_Supplied information_
┄┄┄┄┄┄

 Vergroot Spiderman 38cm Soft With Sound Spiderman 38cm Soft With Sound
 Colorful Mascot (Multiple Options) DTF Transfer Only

┄┄┄┄┄┄

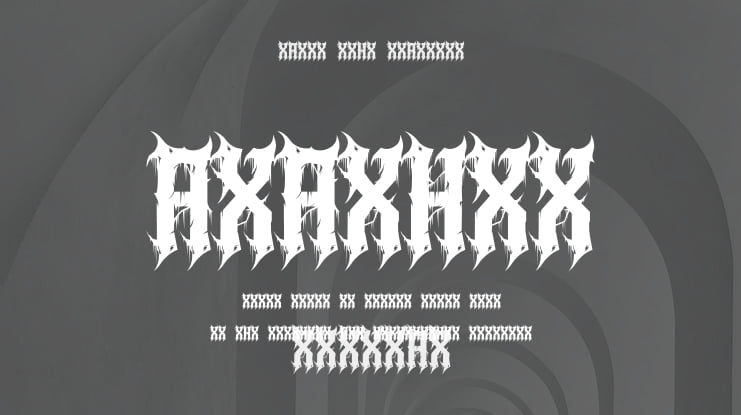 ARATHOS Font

┄┄┄┄┄┄

_Problem to solve_
Out of the material above, output word for word the line with "Vergroot Spiderman 38cm", the line with "Colorful Mascot (Multiple", and all lines between them, with nothing else.

_Solution for this exercise_
 Vergroot Spiderman 38cm Soft With Sound Spiderman 38cm Soft With Sound
 Colorful Mascot (Multiple Options) DTF Transfer Only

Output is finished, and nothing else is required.